SHANGHAI — There is an audacious economic phenomenon happening in China.
It has nothing to do with debt, infrastructure spending or the other major economic topics du jour. It has to do with cash — specifically, how China is systematically and rapidly doing away with paper money and coins.
Almost everyone in major Chinese cities is using a smartphone to pay for just about everything. At restaurants, a waiter will ask if you want to use WeChat or Alipay — the two smartphone payment options — before bringing up cash as a third, remote possibility.
Just as startling is how quickly the transition has happened. Only three years ago there would be no question at all, because everyone was still using cash.
“From a […]
OK, but what about the points I receive with my VISA? hahaha To say nothing about, will VISA, MC and AMEX etc., still have a business model?

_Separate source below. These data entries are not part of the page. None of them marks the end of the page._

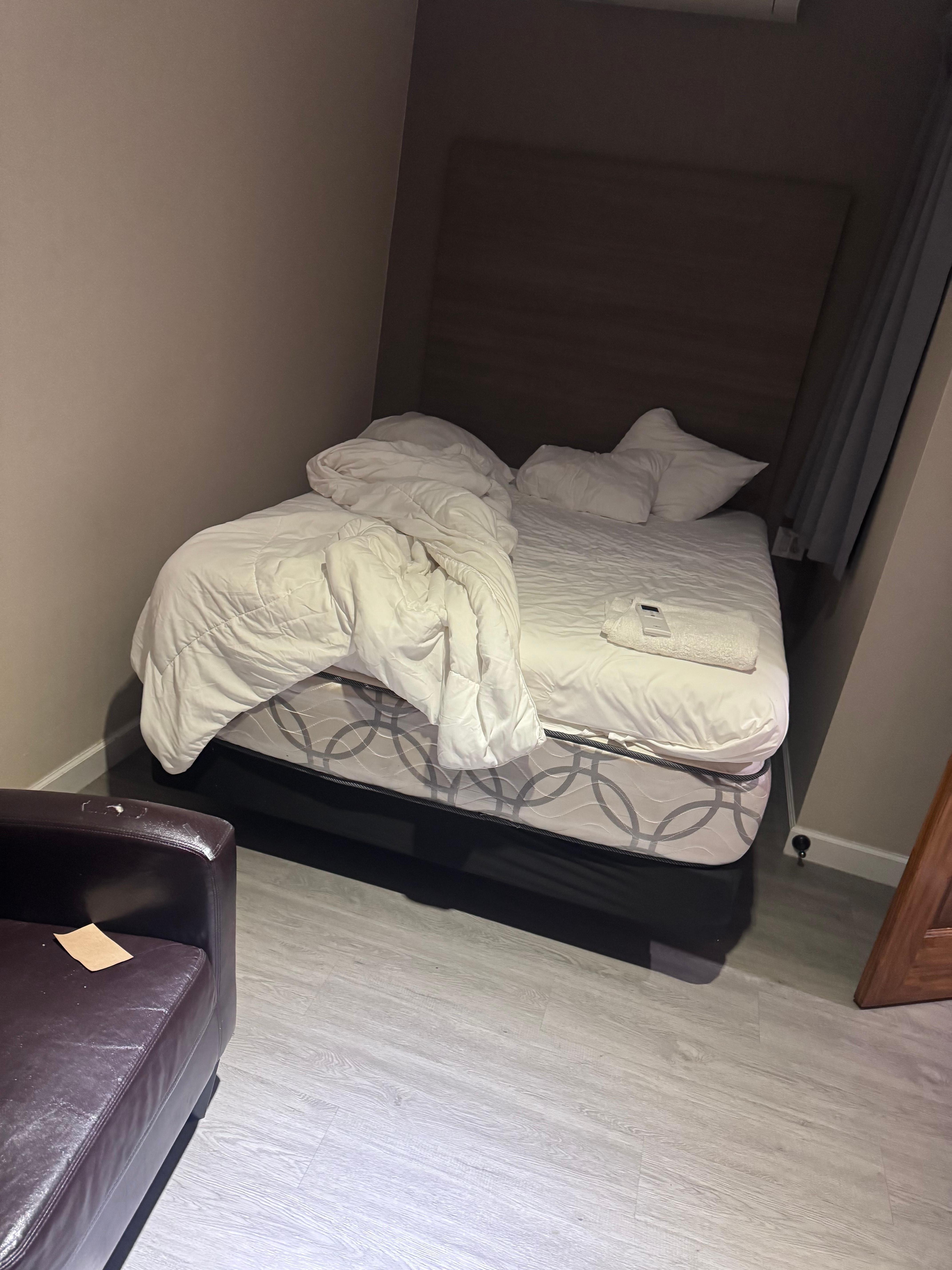 Garbage was on the sofa and floor.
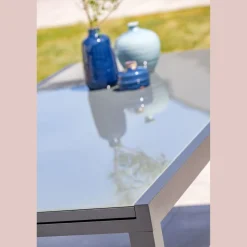 Table de jardin rectangulaire - 10/12 places - Aluminium et plateau en verre - Anthracite - TOLEDE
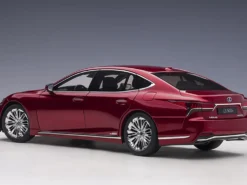 Lexus LS500h Morello Red Metallic Chrome Wheels 1/18 Model Car Autoart 78869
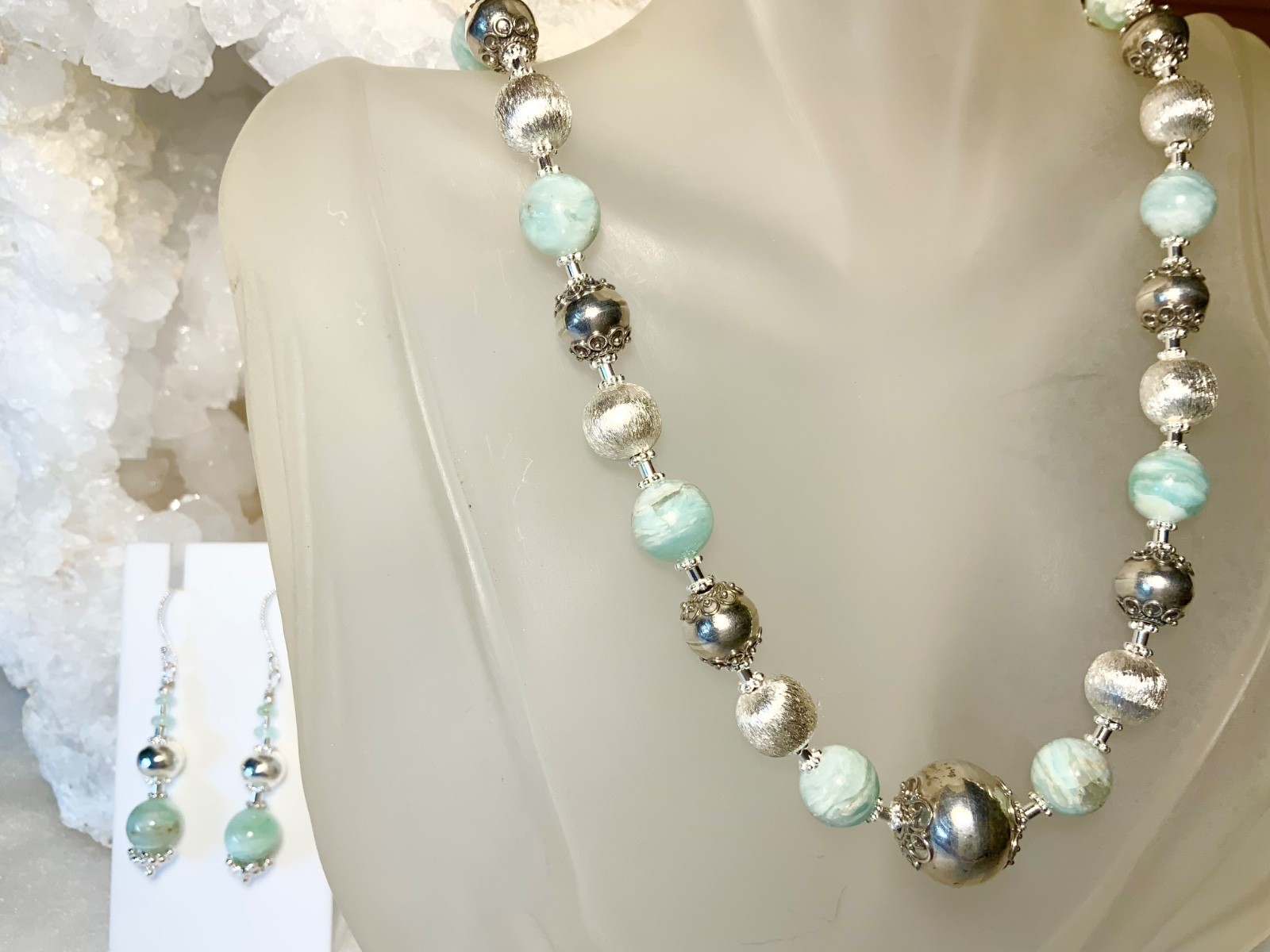 SS .925 BLUE PERUVIAN OPAL NECKLACE & EARRINGS AND SET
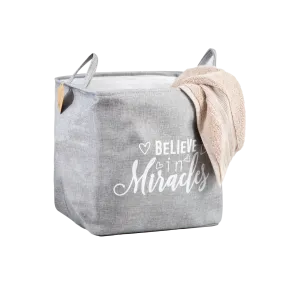 Grey Square Laundry Basket with Lining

This still leaves me with a different kind of shiver than yours. I attended a lecture at Darden, UVa’s business school and later wrote a memo for the regional tech group I was working with. The talk was given by a well known and respected man in DC whose company did data mining and it was scary. The amount of money that changes hands over computerized data mining is astounding in the banking, government and sellers markets is astonishing. And of course, that’s used for marketing purposes that support our consumer society. Although I do believe we could see cyber attacks that might have us without money for 24 hours but that bothers me less than the current banking entities and Wall St. Would love to hear what you have to say about my doubts.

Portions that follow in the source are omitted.